Sport, which was his nickname, his real first name is lost to history, lived in Pioche around the turn of the 20th century. He was an eccentric character to say the least, the kind who might sit at the bar and drink his whiskey with a spoon.

In the official 1976 Nevada Bicentennial book, Effie Read writes about Sport. “He lived among the hills in Lincoln County,” she notes. “He wasn’t homeless, because he did have an old log cabin at Rose Valley where he was a hired hand for the Devlin Ranch.”

Sport also became a fixture around the streets of Pioche. Read says, “He had a slouch hat to shelter his straggled locks, hat and locks that seemed to have weathered and bleached together. He wore a faded blue shirt and his worn Levis covered a somewhat pointed posterior which someone once described as “So pointed, one could almost hang something on it.”

The days of the gunslingers in old Pioche were long gone by Sport’s time, but he had one anyway. Tucked into the leather belt around his waist to hold his pants up. He had a wooden leg, too, and with each step, his baggy britches would slip up and down, because the wooden leg was a bit shorter than the real one. This in turn, let his red flannel underwear show a little bit and bunch up around his waist.

Sport was not one to work much very long. Did a little mining in the early days, fed cattle in the wintertime, and pumped water for cattle at Fifteen-Mile. One thing, he did do
for a long time, Read writes, was act as night watchman at the Bristol Mine. What made Sport so eccentric was his alcoholism, and he was good at it, yes he was.  Much of the money Sport made, he knew just where to put it. Mrs. Read writes in her article that he would work for a while, but soon, yet again back into his familiar habits, seen wandering the streets of Pioche, going from one saloon to the next.
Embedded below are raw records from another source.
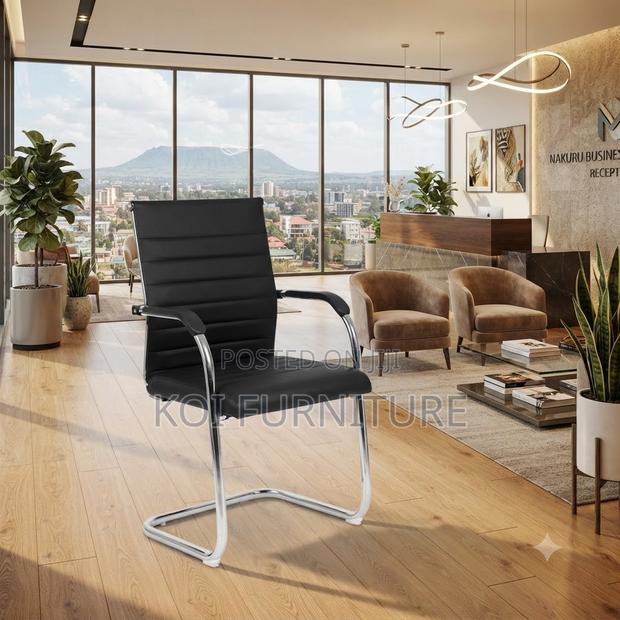 Office Chairs; High Back Executive Office Chair With Leather - thumbnail 3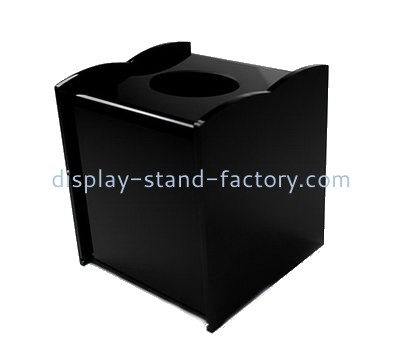 Custom acrylic perspex storage boxes facial tissue box design tissue paper box holder NAB-041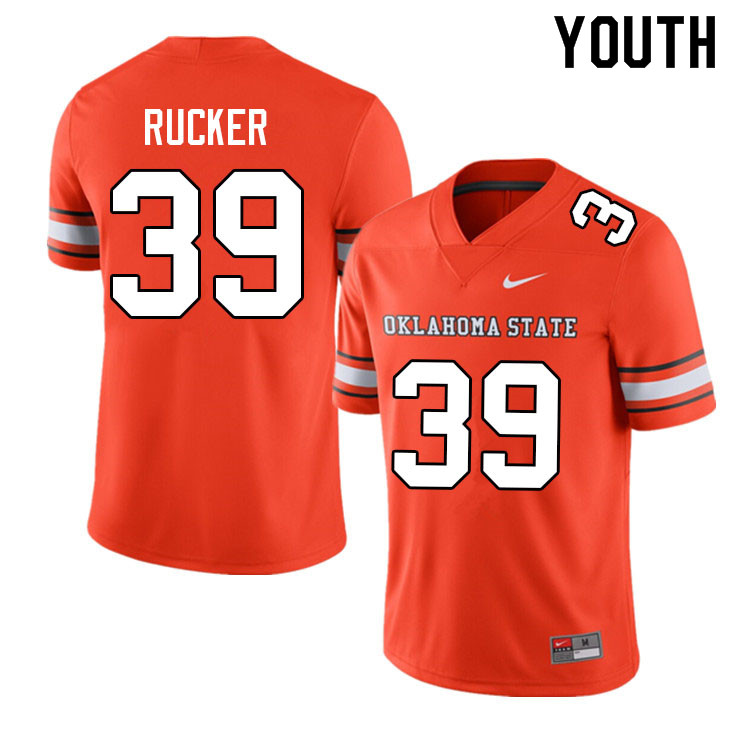 Youth #39 Trey Rucker Oklahoma State Cowboys College Football Jerseys Sale-Alternate - Click Image to Close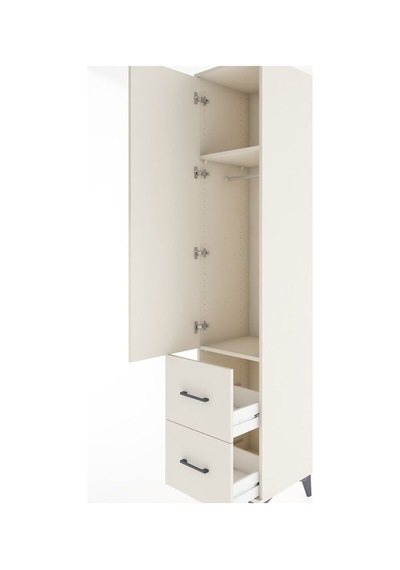 Hyperion Dolap 2 Raflı 2 Çekmeceli Tek Askılı 44x44x221 Aytaşı-aytaşı Aytası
Sport was a very good customer of the saloon, many of them.

He was one of those fall down drunks That’s a skill you have to work at, and Sport did so with great enthusiasm. But it also has it’s drawbacks, and there were times in the winter, Read writes, when Sport, “was so passed out drunk in the gutter with his coat so frozen to the ground it had to be torn from the ice. Every holiday saw him dead drunk.”

He might be a fall down drunk, but he could be a friendly drunk, too, and was known to visit people who lived on the lonely, out-of-the-way ranches, for example, the Fogliani’s in northern Spring Valley.

Knowing Sport’s reputation when each holiday came around, one group of young men, some of whom Sport knew, decided to play a prank on him one 4th of July. The idea was when Sport was dead drunk again, they would have a burial for him.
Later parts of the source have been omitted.